— Task details —
Keep each line of the material that includes "This", and leave out the rest.
++++++++++
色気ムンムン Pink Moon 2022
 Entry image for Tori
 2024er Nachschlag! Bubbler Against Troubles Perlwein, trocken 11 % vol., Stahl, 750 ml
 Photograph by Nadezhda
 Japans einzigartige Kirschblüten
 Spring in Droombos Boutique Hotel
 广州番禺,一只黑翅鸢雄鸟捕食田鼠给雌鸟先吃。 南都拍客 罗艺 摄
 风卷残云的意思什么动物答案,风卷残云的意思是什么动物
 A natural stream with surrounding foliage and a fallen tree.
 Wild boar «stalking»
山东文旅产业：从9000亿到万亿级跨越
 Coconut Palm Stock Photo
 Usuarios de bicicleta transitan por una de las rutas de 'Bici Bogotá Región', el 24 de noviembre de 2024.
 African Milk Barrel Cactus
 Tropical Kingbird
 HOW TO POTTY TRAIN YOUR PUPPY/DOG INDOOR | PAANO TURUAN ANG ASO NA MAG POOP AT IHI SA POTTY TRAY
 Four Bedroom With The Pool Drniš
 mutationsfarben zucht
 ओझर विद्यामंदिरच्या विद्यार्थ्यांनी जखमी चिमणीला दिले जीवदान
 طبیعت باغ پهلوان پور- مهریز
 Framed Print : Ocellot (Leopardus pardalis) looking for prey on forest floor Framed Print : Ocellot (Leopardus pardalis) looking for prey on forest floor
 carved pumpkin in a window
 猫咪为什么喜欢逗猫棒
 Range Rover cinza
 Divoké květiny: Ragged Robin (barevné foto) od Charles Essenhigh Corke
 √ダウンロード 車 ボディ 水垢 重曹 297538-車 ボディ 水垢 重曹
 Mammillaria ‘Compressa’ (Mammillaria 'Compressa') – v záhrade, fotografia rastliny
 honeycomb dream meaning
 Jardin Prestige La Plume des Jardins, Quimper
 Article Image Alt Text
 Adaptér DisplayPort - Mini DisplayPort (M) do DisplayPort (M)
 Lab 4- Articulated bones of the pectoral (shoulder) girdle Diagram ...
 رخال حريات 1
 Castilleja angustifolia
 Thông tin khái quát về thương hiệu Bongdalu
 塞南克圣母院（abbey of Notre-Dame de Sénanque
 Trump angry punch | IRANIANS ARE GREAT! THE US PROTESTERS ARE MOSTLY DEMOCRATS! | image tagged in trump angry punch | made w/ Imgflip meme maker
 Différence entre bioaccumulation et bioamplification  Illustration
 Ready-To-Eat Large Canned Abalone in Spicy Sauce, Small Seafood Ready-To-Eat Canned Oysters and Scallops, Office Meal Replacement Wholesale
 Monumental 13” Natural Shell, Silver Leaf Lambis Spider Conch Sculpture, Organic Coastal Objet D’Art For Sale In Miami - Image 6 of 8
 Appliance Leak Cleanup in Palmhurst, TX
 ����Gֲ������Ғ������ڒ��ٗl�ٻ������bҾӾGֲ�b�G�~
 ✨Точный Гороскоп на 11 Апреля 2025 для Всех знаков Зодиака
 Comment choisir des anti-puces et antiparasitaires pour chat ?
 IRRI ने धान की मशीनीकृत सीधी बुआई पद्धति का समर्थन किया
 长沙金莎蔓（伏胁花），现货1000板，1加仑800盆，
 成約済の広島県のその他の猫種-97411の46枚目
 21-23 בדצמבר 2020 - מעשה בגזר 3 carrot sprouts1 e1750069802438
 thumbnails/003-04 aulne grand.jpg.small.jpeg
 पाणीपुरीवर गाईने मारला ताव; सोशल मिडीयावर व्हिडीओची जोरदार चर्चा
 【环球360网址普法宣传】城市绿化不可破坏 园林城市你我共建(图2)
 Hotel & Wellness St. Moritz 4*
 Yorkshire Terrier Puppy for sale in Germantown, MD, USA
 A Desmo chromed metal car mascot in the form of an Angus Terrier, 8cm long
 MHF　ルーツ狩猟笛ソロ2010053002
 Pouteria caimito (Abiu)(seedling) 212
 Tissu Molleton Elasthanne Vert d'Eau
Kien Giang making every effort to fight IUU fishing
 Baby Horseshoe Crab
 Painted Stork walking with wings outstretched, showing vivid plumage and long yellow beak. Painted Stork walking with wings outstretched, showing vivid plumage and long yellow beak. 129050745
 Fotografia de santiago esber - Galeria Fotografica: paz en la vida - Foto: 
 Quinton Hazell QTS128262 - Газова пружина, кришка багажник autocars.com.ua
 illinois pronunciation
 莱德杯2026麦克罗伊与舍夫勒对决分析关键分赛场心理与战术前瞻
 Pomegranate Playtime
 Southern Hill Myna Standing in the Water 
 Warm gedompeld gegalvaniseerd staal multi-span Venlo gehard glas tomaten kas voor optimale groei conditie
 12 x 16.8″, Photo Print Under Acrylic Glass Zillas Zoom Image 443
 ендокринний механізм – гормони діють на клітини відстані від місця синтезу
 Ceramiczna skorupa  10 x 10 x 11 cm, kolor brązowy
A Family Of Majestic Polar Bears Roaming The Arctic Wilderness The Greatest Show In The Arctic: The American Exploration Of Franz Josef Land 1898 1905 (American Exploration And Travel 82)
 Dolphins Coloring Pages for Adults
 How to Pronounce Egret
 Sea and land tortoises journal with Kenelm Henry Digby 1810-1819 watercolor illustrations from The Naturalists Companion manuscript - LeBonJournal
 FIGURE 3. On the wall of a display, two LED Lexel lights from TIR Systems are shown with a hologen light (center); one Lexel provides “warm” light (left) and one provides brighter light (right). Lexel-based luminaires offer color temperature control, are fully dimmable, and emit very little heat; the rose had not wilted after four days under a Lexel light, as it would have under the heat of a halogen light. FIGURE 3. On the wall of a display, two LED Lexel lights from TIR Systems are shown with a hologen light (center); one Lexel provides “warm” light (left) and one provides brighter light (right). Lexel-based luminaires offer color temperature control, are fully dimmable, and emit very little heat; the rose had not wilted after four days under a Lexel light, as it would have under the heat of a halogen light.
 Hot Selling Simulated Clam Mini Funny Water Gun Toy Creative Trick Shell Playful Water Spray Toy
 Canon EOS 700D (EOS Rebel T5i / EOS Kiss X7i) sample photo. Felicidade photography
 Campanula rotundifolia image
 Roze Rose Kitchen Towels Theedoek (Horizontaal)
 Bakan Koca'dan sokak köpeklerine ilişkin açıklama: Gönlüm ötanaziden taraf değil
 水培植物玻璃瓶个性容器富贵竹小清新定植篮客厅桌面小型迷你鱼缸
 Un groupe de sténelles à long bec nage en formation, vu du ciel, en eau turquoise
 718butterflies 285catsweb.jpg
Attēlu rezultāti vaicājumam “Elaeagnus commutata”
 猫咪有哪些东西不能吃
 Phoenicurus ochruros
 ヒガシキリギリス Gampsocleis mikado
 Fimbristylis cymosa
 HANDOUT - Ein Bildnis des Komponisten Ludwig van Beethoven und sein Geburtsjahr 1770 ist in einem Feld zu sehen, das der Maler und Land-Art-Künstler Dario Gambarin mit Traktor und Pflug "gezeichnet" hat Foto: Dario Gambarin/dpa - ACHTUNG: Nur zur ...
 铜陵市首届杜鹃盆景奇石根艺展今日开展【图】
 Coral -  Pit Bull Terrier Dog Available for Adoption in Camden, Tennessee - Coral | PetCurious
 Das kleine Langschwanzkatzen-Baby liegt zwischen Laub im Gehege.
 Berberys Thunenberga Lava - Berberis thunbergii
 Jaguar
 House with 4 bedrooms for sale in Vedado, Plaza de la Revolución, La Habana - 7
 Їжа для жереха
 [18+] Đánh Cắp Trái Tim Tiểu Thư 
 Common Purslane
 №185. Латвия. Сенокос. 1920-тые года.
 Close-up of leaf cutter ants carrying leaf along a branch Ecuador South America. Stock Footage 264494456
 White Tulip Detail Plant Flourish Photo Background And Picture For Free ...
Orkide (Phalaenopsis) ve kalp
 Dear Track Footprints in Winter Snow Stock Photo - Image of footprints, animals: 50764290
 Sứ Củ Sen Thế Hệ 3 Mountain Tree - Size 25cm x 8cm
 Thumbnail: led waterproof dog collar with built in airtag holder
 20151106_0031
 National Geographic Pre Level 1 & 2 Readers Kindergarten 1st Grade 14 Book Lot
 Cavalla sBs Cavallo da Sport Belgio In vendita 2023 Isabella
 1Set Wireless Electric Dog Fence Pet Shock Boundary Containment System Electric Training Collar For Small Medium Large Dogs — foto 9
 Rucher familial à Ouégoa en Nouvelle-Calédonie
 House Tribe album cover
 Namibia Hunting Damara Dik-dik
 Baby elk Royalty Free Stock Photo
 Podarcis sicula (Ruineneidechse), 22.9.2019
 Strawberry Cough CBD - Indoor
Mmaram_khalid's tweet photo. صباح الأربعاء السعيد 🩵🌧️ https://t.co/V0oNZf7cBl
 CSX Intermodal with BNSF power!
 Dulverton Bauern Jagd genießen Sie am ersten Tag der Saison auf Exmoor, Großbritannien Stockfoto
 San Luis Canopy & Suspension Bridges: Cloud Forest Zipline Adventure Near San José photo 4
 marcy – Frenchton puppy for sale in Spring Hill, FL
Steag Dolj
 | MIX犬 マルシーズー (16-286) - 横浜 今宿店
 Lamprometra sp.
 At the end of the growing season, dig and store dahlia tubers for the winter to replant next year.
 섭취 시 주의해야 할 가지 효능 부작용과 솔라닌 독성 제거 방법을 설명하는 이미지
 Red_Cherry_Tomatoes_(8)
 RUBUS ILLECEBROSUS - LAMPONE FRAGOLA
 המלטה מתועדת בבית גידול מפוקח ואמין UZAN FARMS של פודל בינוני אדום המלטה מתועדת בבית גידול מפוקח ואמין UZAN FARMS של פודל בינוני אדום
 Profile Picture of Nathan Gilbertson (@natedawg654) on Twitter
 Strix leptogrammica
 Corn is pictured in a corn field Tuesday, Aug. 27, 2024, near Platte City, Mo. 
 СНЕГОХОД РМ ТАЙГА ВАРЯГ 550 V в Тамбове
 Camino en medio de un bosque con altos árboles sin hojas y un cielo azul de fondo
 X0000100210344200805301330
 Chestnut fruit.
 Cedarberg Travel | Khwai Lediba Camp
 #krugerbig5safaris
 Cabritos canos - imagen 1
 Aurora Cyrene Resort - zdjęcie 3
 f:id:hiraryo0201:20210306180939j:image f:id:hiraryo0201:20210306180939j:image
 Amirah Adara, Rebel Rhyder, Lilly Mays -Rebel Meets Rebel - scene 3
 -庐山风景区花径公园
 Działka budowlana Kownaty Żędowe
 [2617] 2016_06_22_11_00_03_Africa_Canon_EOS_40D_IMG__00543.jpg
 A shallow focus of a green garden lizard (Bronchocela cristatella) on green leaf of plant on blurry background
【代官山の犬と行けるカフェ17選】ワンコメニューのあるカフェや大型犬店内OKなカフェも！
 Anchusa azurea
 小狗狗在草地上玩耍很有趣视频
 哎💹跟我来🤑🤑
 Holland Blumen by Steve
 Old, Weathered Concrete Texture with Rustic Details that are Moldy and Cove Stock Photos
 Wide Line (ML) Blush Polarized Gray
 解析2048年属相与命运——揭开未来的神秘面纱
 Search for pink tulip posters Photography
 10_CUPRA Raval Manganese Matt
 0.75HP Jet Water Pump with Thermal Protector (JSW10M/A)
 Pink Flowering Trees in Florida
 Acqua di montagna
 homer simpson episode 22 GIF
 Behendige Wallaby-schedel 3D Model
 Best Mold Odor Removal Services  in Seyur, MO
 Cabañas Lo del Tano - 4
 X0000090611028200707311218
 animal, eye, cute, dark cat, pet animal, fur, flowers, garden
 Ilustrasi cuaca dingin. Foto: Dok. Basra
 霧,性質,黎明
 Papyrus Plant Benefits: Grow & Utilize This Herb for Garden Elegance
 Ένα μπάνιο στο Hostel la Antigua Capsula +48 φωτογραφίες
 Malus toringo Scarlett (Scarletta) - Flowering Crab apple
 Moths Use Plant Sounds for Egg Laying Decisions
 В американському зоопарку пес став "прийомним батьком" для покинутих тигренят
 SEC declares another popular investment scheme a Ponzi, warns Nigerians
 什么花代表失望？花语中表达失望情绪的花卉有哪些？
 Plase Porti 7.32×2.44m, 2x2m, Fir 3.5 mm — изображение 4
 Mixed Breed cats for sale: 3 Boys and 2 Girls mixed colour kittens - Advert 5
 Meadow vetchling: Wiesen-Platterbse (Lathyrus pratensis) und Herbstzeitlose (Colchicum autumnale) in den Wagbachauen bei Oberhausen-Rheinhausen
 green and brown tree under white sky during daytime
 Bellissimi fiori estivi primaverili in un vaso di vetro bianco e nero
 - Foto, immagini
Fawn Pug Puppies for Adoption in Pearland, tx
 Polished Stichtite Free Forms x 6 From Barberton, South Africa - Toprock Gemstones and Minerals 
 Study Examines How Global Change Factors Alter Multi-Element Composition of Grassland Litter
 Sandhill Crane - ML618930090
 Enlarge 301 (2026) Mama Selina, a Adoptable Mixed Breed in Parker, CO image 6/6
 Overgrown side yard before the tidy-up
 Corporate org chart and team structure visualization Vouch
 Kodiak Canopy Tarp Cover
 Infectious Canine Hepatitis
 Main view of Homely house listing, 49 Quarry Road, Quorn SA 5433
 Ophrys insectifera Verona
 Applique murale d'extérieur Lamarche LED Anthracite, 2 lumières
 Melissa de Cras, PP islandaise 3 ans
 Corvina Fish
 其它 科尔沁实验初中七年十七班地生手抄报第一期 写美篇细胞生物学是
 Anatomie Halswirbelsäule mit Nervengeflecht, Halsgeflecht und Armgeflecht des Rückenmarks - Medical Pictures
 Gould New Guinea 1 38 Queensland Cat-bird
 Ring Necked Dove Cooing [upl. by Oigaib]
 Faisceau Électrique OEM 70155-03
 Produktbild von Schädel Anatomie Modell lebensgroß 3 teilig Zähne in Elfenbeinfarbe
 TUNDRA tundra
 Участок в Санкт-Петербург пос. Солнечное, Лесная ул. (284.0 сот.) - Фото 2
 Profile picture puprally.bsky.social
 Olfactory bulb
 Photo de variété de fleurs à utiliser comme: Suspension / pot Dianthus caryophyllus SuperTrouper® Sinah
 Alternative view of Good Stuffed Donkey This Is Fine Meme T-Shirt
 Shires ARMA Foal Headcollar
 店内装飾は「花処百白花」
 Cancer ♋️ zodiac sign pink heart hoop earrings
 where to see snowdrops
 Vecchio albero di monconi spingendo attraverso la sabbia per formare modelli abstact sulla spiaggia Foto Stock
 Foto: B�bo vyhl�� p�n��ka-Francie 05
++++++++++
— Exercise answer —
 Papyrus Plant Benefits: Grow & Utilize This Herb for Garden Elegance
 Alternative view of Good Stuffed Donkey This Is Fine Meme T-Shirt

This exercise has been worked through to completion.